## Exercise data
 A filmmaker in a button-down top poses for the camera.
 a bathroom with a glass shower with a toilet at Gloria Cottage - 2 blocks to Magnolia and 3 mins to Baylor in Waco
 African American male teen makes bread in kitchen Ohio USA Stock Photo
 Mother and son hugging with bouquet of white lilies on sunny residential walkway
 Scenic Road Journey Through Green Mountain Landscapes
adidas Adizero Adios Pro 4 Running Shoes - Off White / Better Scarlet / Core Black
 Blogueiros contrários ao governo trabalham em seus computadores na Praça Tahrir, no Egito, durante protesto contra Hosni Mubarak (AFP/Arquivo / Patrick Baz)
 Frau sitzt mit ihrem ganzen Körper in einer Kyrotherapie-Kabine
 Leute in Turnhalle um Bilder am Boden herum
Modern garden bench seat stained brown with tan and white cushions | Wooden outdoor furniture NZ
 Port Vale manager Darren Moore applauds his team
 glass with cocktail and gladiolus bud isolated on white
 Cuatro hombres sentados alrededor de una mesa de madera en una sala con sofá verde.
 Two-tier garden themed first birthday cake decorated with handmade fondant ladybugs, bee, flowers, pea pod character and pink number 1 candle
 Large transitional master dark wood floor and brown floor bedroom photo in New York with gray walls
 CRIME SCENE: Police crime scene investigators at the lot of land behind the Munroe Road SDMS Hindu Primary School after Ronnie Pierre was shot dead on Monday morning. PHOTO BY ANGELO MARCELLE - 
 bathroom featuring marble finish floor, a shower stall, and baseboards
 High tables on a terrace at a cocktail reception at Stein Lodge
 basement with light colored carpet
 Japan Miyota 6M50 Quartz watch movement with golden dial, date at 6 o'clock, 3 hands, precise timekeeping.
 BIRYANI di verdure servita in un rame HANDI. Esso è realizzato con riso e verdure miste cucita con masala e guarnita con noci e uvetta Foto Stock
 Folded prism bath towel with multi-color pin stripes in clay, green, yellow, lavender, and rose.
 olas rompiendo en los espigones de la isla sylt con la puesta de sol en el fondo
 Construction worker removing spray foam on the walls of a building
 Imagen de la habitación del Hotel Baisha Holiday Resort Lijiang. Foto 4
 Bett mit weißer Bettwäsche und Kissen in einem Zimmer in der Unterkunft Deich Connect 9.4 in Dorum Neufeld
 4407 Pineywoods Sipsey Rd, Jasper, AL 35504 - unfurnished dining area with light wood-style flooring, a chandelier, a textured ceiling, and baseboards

## Exercise goal
The material must be duplicated in full, with each line kept exact.

## Expected answer
 A filmmaker in a button-down top poses for the camera.
 a bathroom with a glass shower with a toilet at Gloria Cottage - 2 blocks to Magnolia and 3 mins to Baylor in Waco
 African American male teen makes bread in kitchen Ohio USA Stock Photo
 Mother and son hugging with bouquet of white lilies on sunny residential walkway
 Scenic Road Journey Through Green Mountain Landscapes
adidas Adizero Adios Pro 4 Running Shoes - Off White / Better Scarlet / Core Black
 Blogueiros contrários ao governo trabalham em seus computadores na Praça Tahrir, no Egito, durante protesto contra Hosni Mubarak (AFP/Arquivo / Patrick Baz)
 Frau sitzt mit ihrem ganzen Körper in einer Kyrotherapie-Kabine
 Leute in Turnhalle um Bilder am Boden herum
Modern garden bench seat stained brown with tan and white cushions | Wooden outdoor furniture NZ
 Port Vale manager Darren Moore applauds his team
 glass with cocktail and gladiolus bud isolated on white
 Cuatro hombres sentados alrededor de una mesa de madera en una sala con sofá verde.
 Two-tier garden themed first birthday cake decorated with handmade fondant ladybugs, bee, flowers, pea pod character and pink number 1 candle
 Large transitional master dark wood floor and brown floor bedroom photo in New York with gray walls
 CRIME SCENE: Police crime scene investigators at the lot of land behind the Munroe Road SDMS Hindu Primary School after Ronnie Pierre was shot dead on Monday morning. PHOTO BY ANGELO MARCELLE - 
 bathroom featuring marble finish floor, a shower stall, and baseboards
 High tables on a terrace at a cocktail reception at Stein Lodge
 basement with light colored carpet
 Japan Miyota 6M50 Quartz watch movement with golden dial, date at 6 o'clock, 3 hands, precise timekeeping.
 BIRYANI di verdure servita in un rame HANDI. Esso è realizzato con riso e verdure miste cucita con masala e guarnita con noci e uvetta Foto Stock
 Folded prism bath towel with multi-color pin stripes in clay, green, yellow, lavender, and rose.
 olas rompiendo en los espigones de la isla sylt con la puesta de sol en el fondo
 Construction worker removing spray foam on the walls of a building
 Imagen de la habitación del Hotel Baisha Holiday Resort Lijiang. Foto 4
 Bett mit weißer Bettwäsche und Kissen in einem Zimmer in der Unterkunft Deich Connect 9.4 in Dorum Neufeld
 4407 Pineywoods Sipsey Rd, Jasper, AL 35504 - unfurnished dining area with light wood-style flooring, a chandelier, a textured ceiling, and baseboards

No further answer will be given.